In addition to gathering the data, part of the joy of SignalK is the applications you can run via its webserver. I use Instrument Panel the most, which is a great way to arrange a virtual panel of all of the various data you want to see. But that takes more CPU cycles, and can be slow on initial load.
I could never use any of the chart plotter or map-based apps with my bus and network speeds and the CPU limits. Many other SignalK folks were happily using these on Pis, but mine was always too slow mainly because of the volume of traffic. With the Pi busy dealing with that, it couldn’t also do graphical displays.
With this limitation, and given that I wanted to continue running development versions and adding plugins, the Pi was not looking like a good option.
Grafana + Influx
A few months ago, Teppo Kurki released a plugin for SignalK that would log any/all of your data from SignalK into Influx, a time based database. You could install Grafana on top of that, and have yourself some amazing dashboards of your data over time.

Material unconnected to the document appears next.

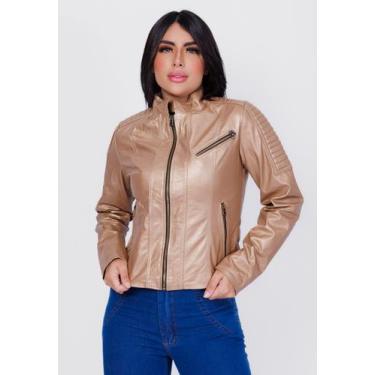 Imagem de Jaqueta de Couro Mathê Ouro Velho - Parra Couros, M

I wrote a bit about it in Fridge Optimizer now supports SignalK.
Influx and Grafana are pretty intensive applications, and not usually run on a Pi. Combine the amount of data I was gathering off of my networks, and then even trying to send a subset of it into Influx for analysis by Grafana, and I was really overloading my poor Pi. It was getting super hot, and even shutting down at times, becoming completely unresponsive.
The other big issue was the SD card – if you order a Raspberry Pi kit system, make sure you get a high quality, longer life SD card included, or replace it with one. Some of the kits I’ve seen have no-name SD cards which have unknown performance and life. I usually get a 32GB card from Samsung or other well known vendor. In the last year, they have even come out with EVO-style cards which should have much better performance and life.
Grafana and Influx were going to pummel this card to death even if it was a good one – I don’t think SD cards are a good choice for a longer term database and analysis work load.
Zabbix Proxy / Agent
Having started with computers back in the 1980s, and proceeded directly into network and systems administration, I have a strong background in monitoring and management. Even today, I use a suite of tools at home to monitor my house, boat, mobile platforms, family cabin and more. I’m also involved with a number of other marinas/businesses purely for the monitoring and stats gathering side of things.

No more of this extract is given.